§ **TASK REQUIREMENTS**: Your job here is to restate every record exactly, pictures excluded.

§ **EXTRACTED DATA**:
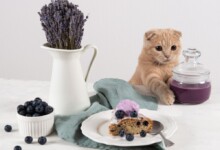 Can Cats Eat Blueberries?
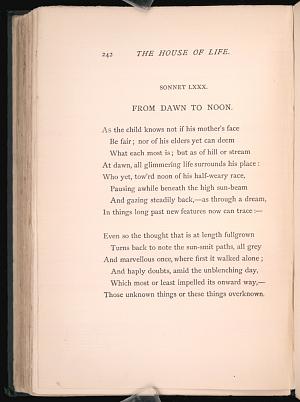 image of page 242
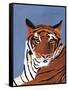 Colorful Tiger-Pamela Munger-Framed Stretched Canvas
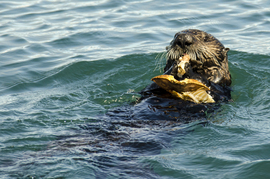 Grid 041117 whale watching 0006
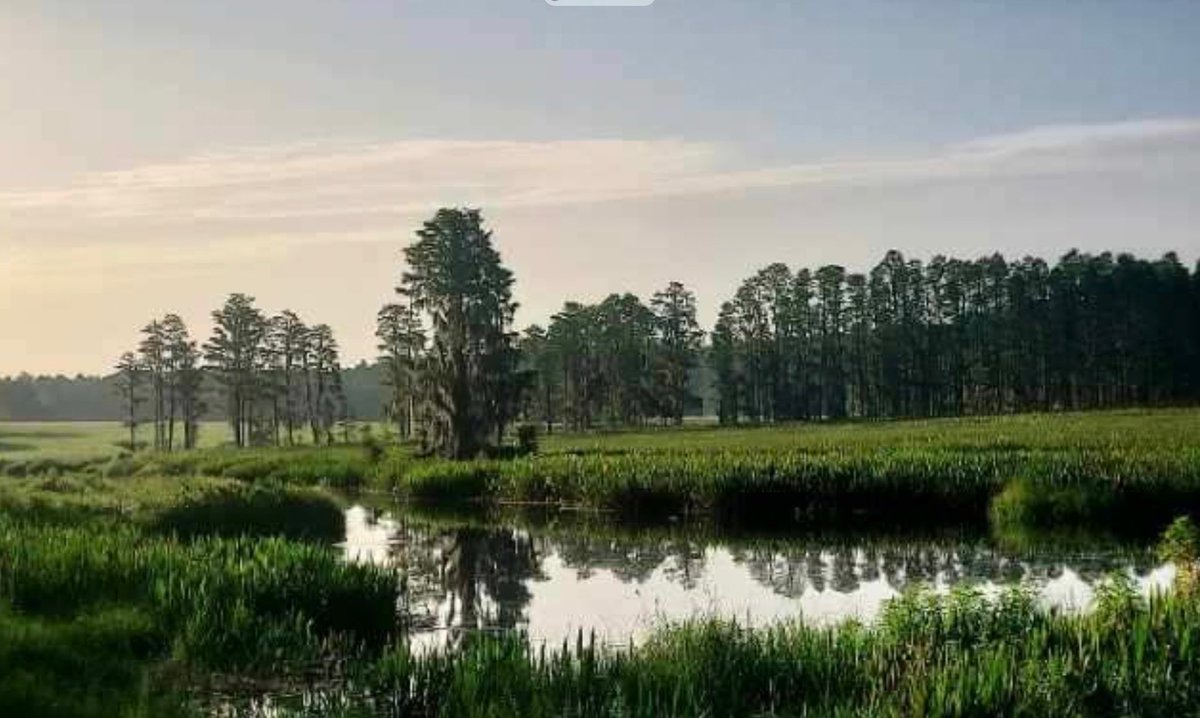 WiltonSimpson's tweet image. Kirkland Ranch consists of 1000 acres in Pasco County in the midst of major development. The ranch is a working cattle operation with abundant water, good soil, trees, and wildlife. The family's wish is to keep this property intact and free of development in order to protect the…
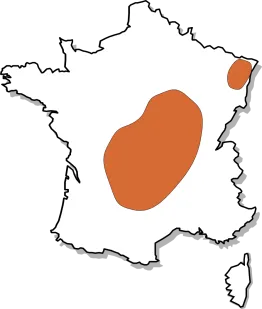 Zone de production du douglas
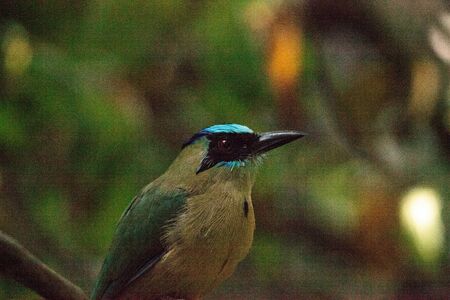 Blue-crowned motmot bird also called Momotus momota is found in Central and South Americaの写真素材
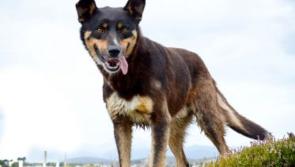 Meet September’s Mutt of the Month: Stoker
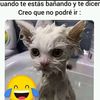 valemar0123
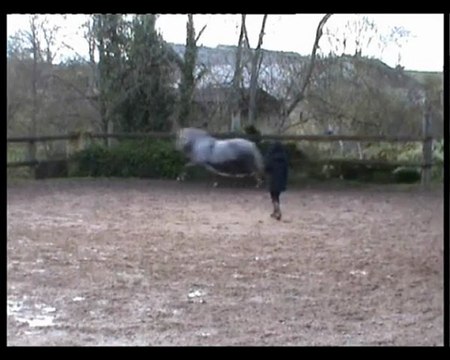 Maltosa, allongements en longe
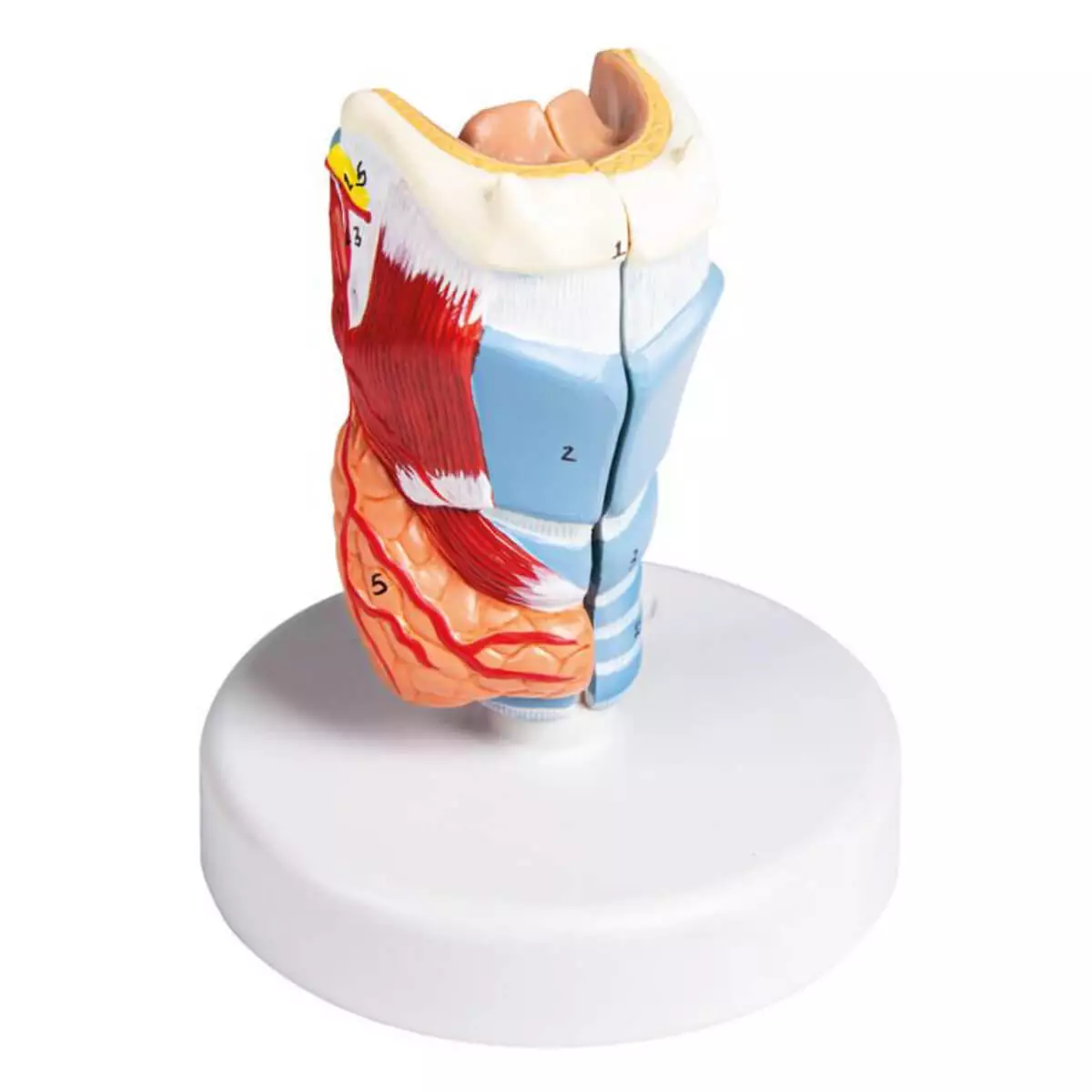  Life size larynx model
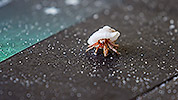 36: 914792-tiny-hermit-crab.jpg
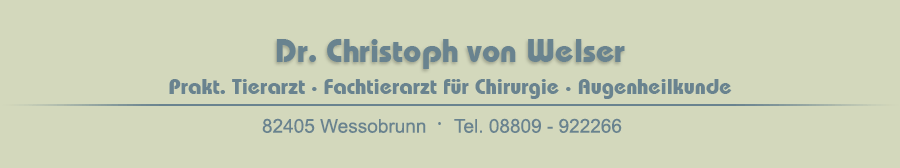 Dr. Christoph von Welser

§ **YOUR SOLUTION**:
 Can Cats Eat Blueberries?
 image of page 242
 Colorful Tiger-Pamela Munger-Framed Stretched Canvas
 Grid 041117 whale watching 0006
 WiltonSimpson's tweet image. Kirkland Ranch consists of 1000 acres in Pasco County in the midst of major development. The ranch is a working cattle operation with abundant water, good soil, trees, and wildlife. The family's wish is to keep this property intact and free of development in order to protect the…
 Zone de production du douglas
 Blue-crowned motmot bird also called Momotus momota is found in Central and South Americaの写真素材
 Meet September’s Mutt of the Month: Stoker
 valemar0123
 Maltosa, allongements en longe
  Life size larynx model
 36: 914792-tiny-hermit-crab.jpg
 Dr. Christoph von Welser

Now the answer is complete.